* Required action
Without omitting anything, write out the listing below precisely.

* Supplied data

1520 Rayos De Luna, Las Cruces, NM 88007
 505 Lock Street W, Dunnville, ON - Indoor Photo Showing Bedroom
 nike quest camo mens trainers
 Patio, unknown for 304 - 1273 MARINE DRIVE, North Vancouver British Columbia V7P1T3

* Result of the exercise
1520 Rayos De Luna, Las Cruces, NM 88007
 505 Lock Street W, Dunnville, ON - Indoor Photo Showing Bedroom
 nike quest camo mens trainers
 Patio, unknown for 304 - 1273 MARINE DRIVE, North Vancouver British Columbia V7P1T3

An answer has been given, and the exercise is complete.